[Haskell] PhD and Post-Doc Positions Available in PL

Michael D. Adams mdmkolbe at gmail.com
Thu Aug 29 04:39:59 UTC 2024


[Resending because the original failed to send. Apologies for any duplicates.]

Hello,

I am an assistant professor at NUS and have multiple PhD and post-doc
positions available. I am launching an effort in the newly emerging
paradigm of lattice/fixed-point oriented programming [1], but topics
for these positions are negotiable.
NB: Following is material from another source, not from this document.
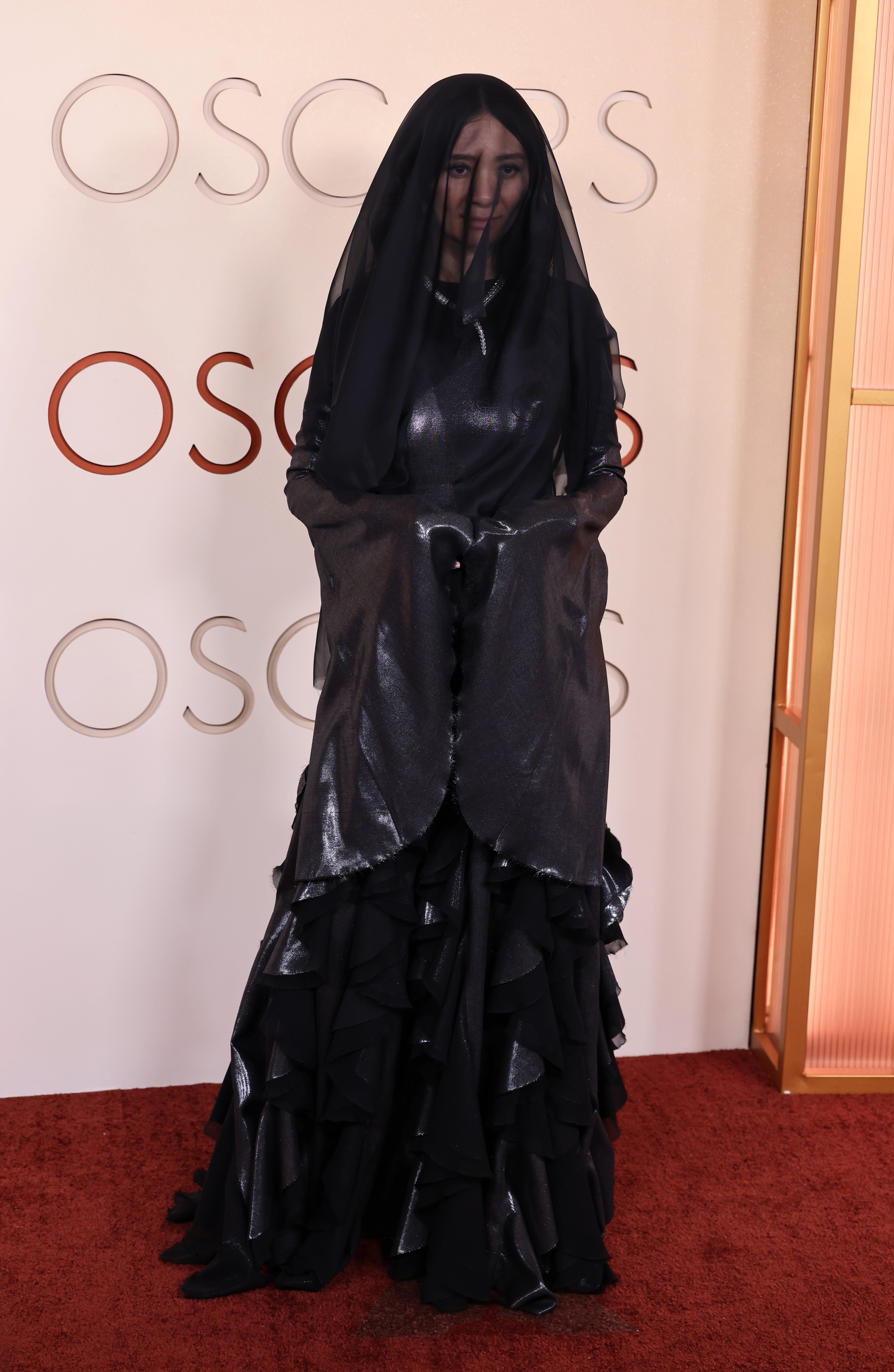 Oscar® 2026: Diretora da 'Hamnet', Chloe Zhao chega com véu preto tapando seu rosto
Paid internships prior to joining
are also possible.

My research broadly focuses on enabling programmers to write clear,
concise and elegant code and doing so without sacrificing performance.
This includes work on next-generation languages, compilers and
optimization, domain specific and extensible languages, generic and
meta-programming, duality, syntax and parsing, and static
analysis/control-flow analysis.

If you or someone you know might be interested in one of these
positions, email me at "adamsmd AT nus.edu.sg" to arrange an informal
video call. I will also be at ICFP 2023 all next week, so if you are
there, please arrange to talk with me.

About me and my research:
- Homepage: https://michaeldadams.org/
- Research Goals: https://michaeldadams.org/vitae/research-statement.pdf
- Papers: https://michaeldadams.org/papers/

[1] Lattice/Fixed-point oriented programming is an emerging
programming paradigm that lets one write programs in terms of
inference rules that climb a lattice. While that might sound like
obscure theory, in practice, it greatly simplifies many complex
algorithms in domains such as parsing, static analysis, type-checking,
graph algorithms, and automata minimization. In fact, many classic
algorithms such as Dijkstra's algorithm, CYK parsing, Hopcroft's
automata minimization algorithm, and tree automata minimization can be
expressed in only two or three executable lines of code. If you email
me for more information on this, I can send you an unreleased
white-paper that I am drafting on the topic.